Also it's a security risk – when you connect only your Facebook to a handful of accounts, a hacker just needs to figure out your Facebook password and gain access to all of these tertiary accounts.

Keep your Contacts private

Some apps might ask for your private contact list, which is essentially allowing you to give away other people's contacts.

If a friend of yours is anti-social media or other apps but you are, you essentially are giving away your friend's number to that app, maybe even their email and home address all without their consent.

Here's an even scarier fact: you often give an app permission to change or add contacts to your address book to enable your feature.

Don't download unwanted apps

Some apps can have malware installed in their downloads that actually send malicious code to the user's smartphone.

Things like PDF editors and photo editing software often have suspicious content that will find yourself downloading more than just an innocuous app.
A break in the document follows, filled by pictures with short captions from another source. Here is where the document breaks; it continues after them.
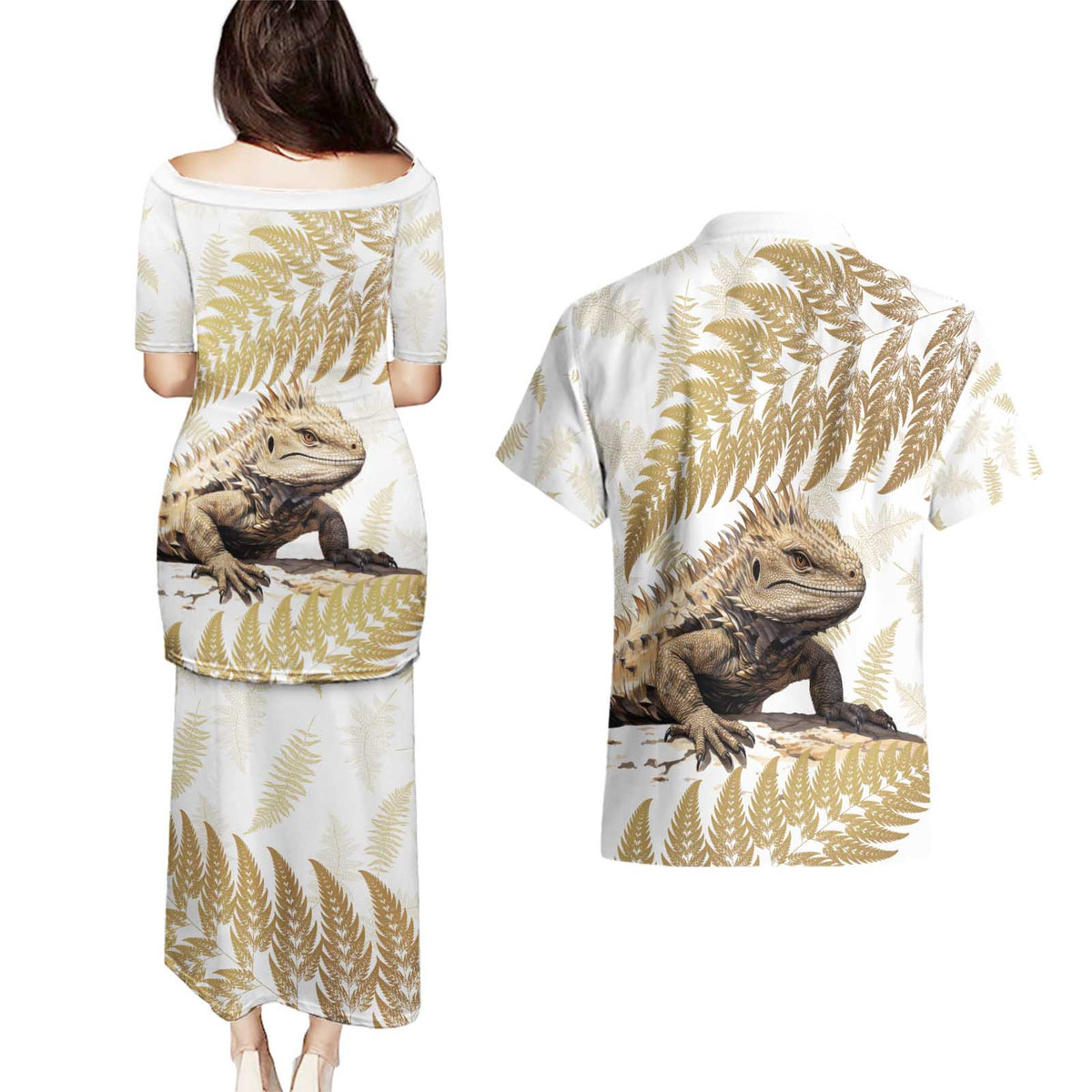 Gold New Zealand Tuatara Couples Matching Puletasi and Hawaiian Shirt Aotearoa Sphenodon Punctatus Silver Fern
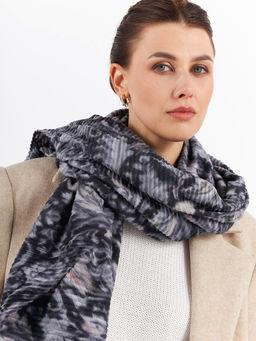 Большой, мягкий, тонкий и очень нежный двусторонний палантин с рисунком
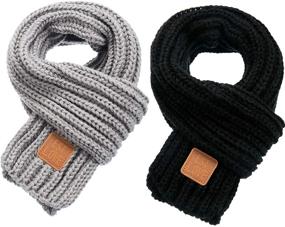 img 4 attached to Zhanmai 2 Pieces Kids Winter Warm Knit Scarves: Cozy Neck Warmers for Toddlers Boys & Girls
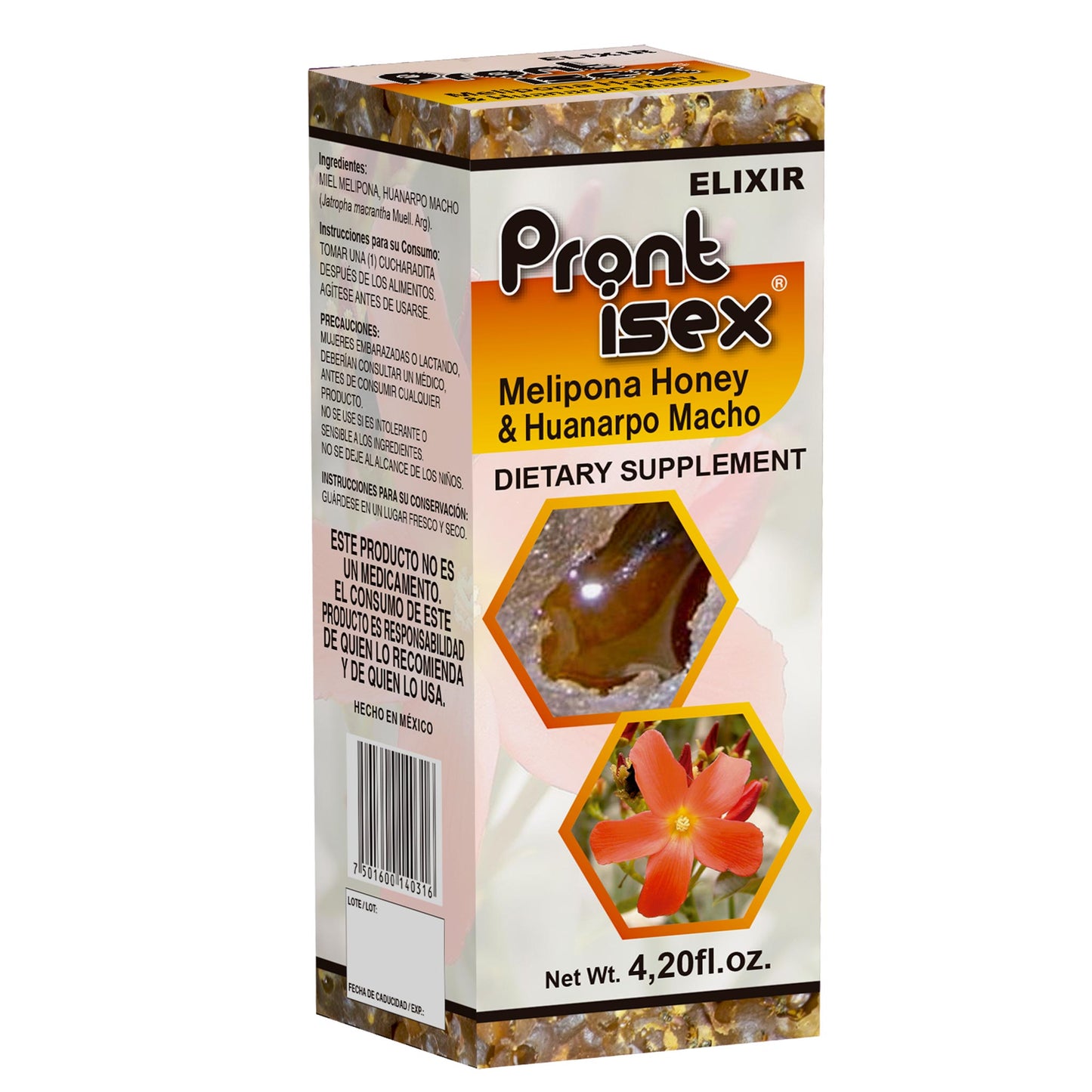 Elixir PRONTISEX ® miel de melipona y huanarpo macho caja frasco 120ml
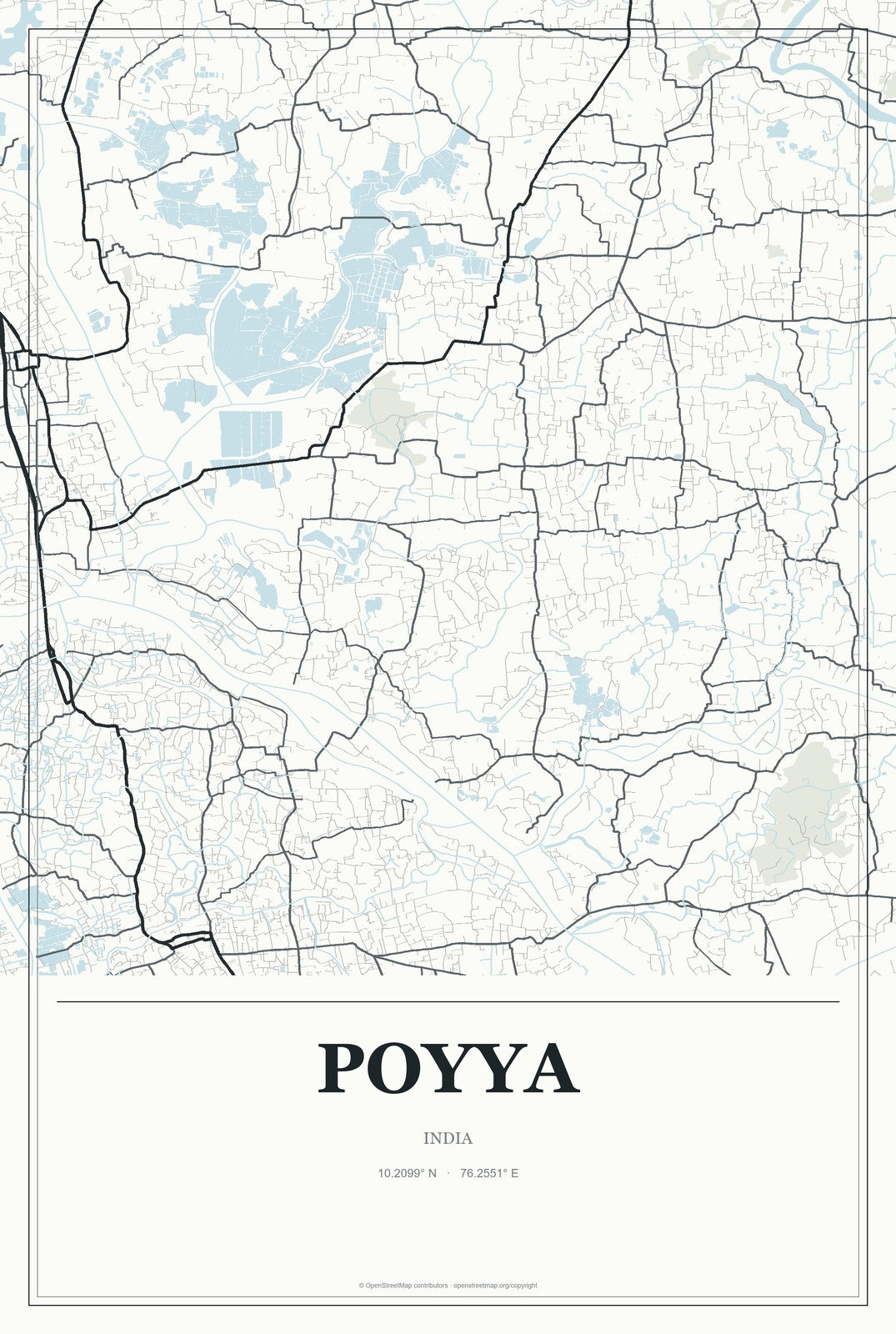 Poyya, India City Map Aluminum Sign in Gallery Air style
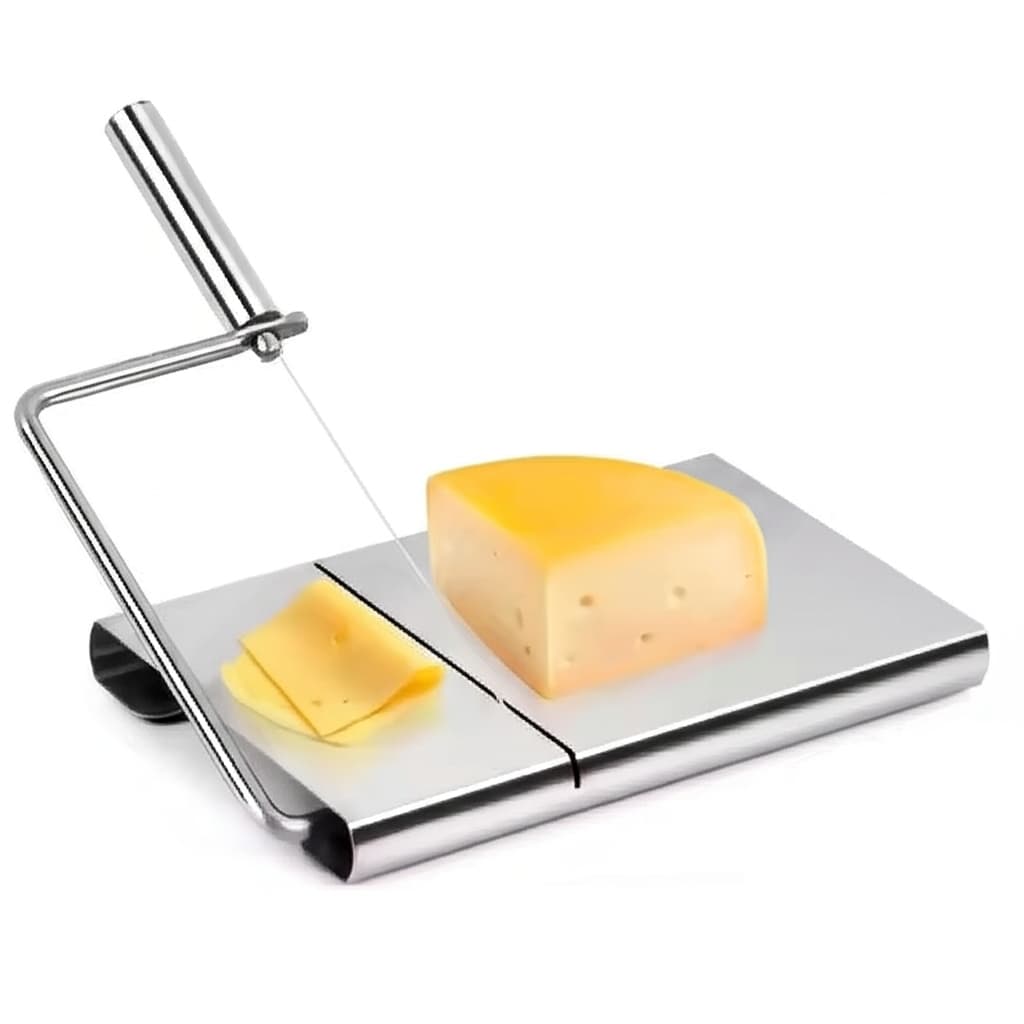 Cortador de queijo profissional em aço inoxidável com fio para queijos, frutas, frios e legumes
Other apps that users should avoid downloading include flashlight apps and QR code scanners because your phone already has these features built in.

Check reviews

While not all app reviews are helpful, some might give an inside look as to why people deleted them or are warning others to steer clear.

The review section of an app can be a good place to suss out any malicious apps or malware that other users have found.

There are specific phrases and words people should look out for when going through reviews.

They include strange pop-up ads, slowing phone down, unexpected charges or strange behaviors.